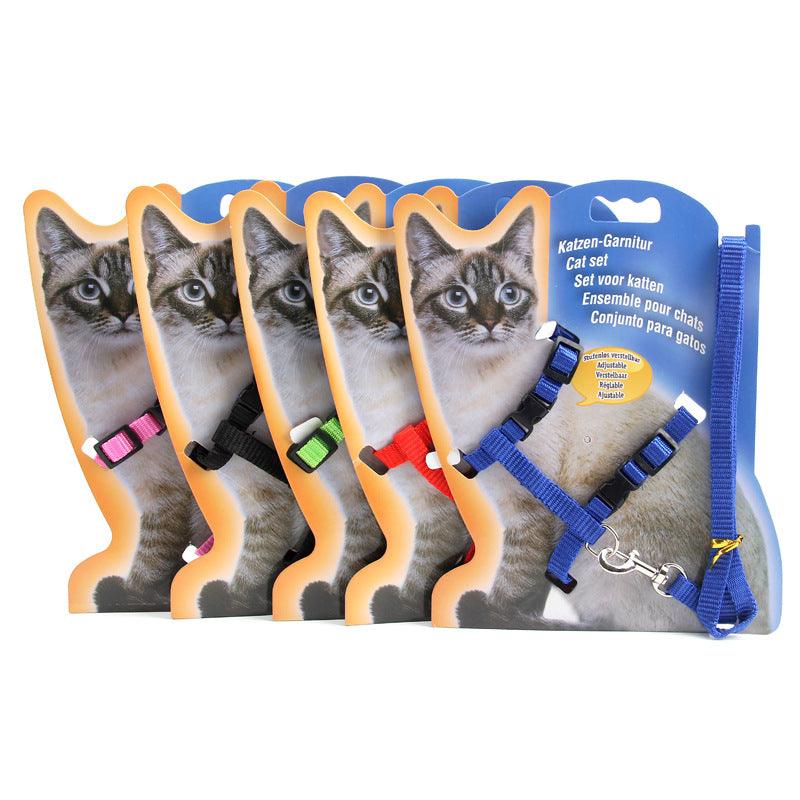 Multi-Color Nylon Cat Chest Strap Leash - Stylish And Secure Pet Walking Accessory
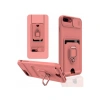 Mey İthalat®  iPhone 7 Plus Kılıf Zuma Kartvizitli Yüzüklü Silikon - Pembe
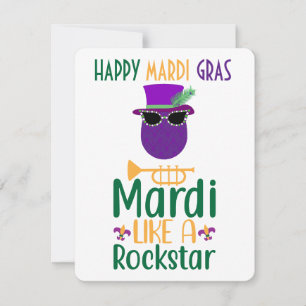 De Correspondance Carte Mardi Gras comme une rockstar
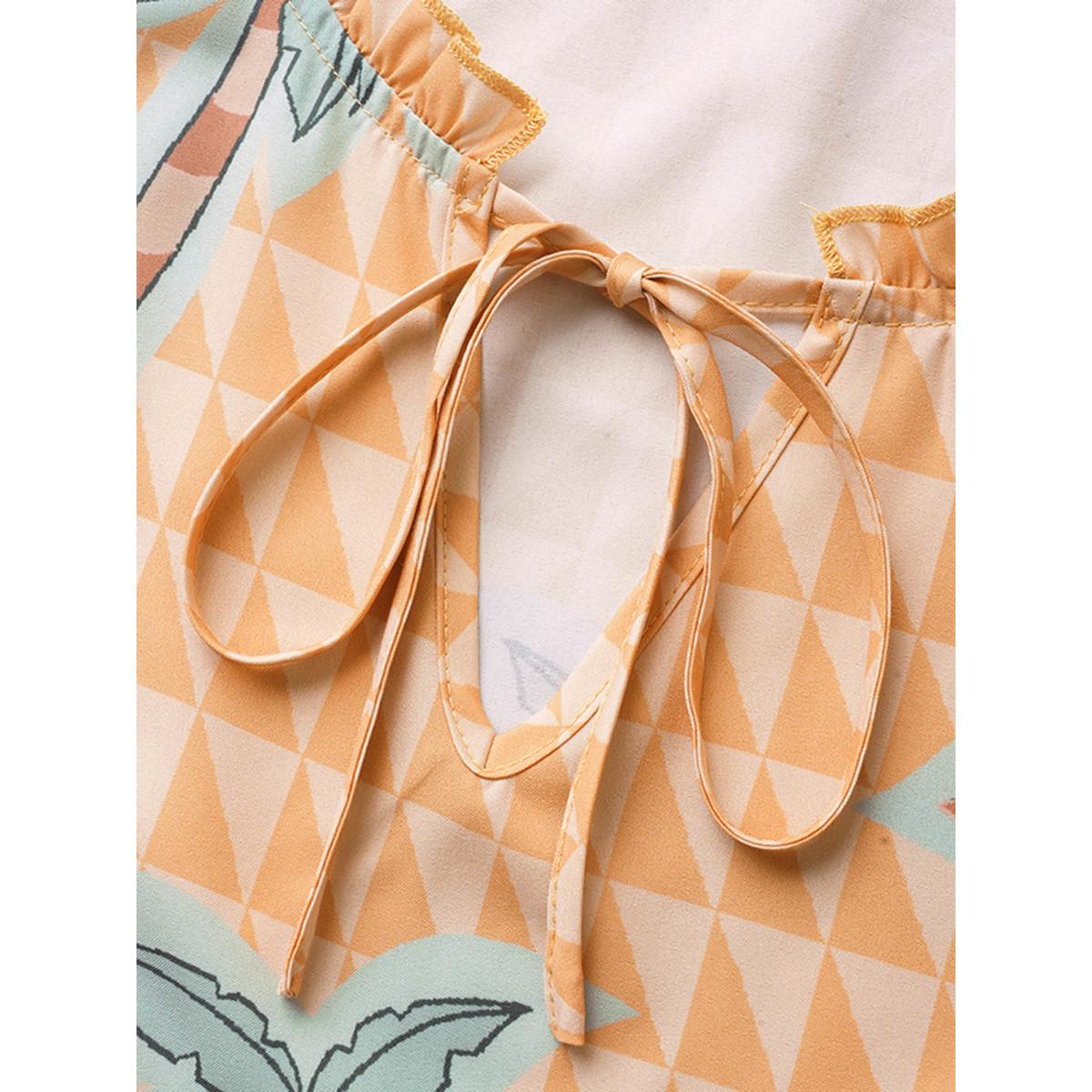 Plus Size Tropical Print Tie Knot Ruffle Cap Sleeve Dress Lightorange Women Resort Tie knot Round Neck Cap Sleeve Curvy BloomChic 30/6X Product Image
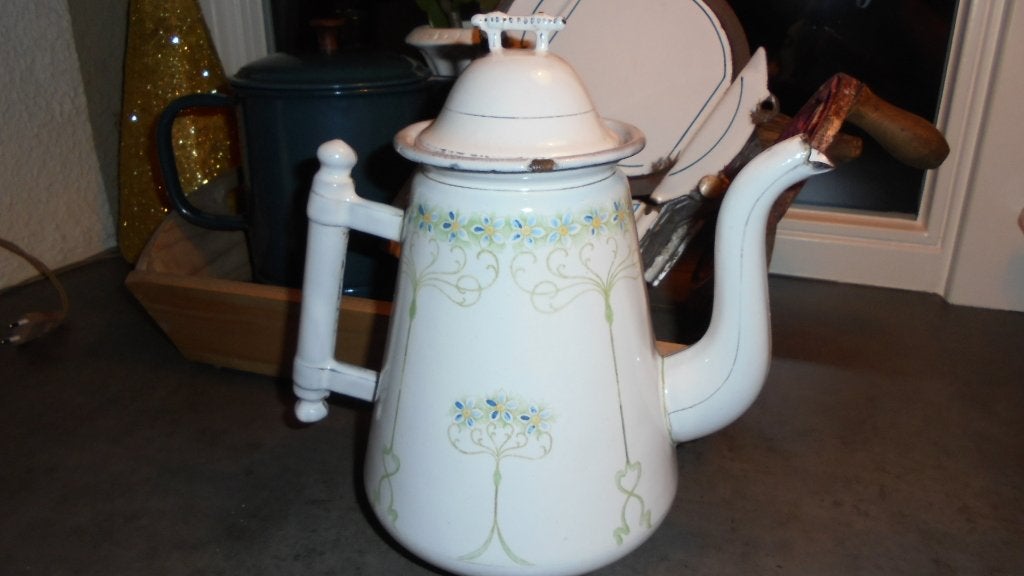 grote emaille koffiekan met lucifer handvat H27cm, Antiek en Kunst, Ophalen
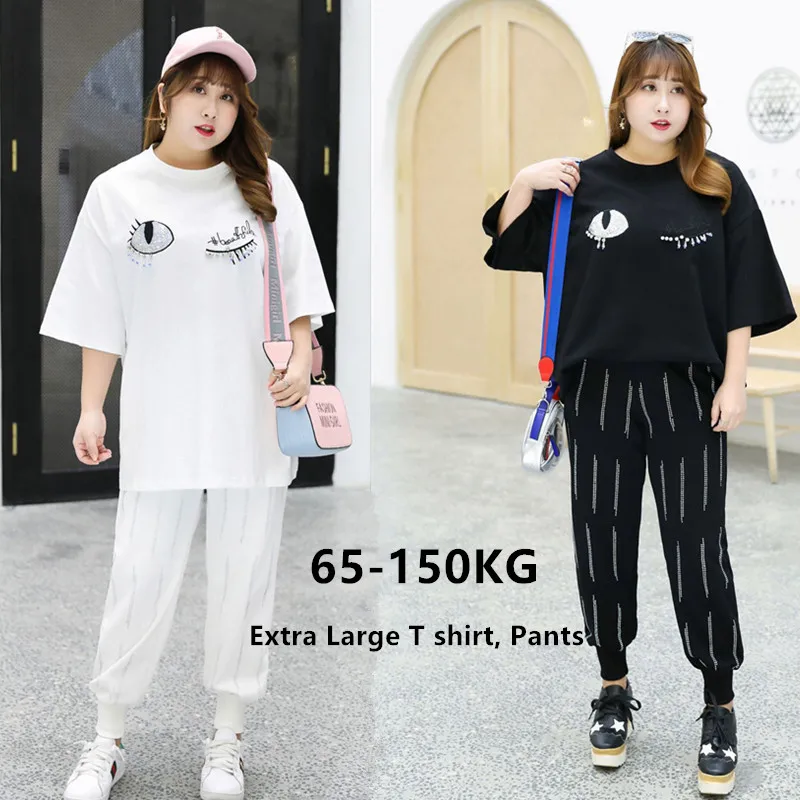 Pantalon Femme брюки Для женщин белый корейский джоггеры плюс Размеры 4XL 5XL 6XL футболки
..............................
WORK ORDER: Up to and including the line that holds "De Correspondance Carte", restate word for word each line of the records from their start, and only those lines, leaving out the pictures.

RESULT FOR THIS EXERCISE:
 Multi-Color Nylon Cat Chest Strap Leash - Stylish And Secure Pet Walking Accessory
 Mey İthalat®  iPhone 7 Plus Kılıf Zuma Kartvizitli Yüzüklü Silikon - Pembe
 De Correspondance Carte Mardi Gras comme une rockstar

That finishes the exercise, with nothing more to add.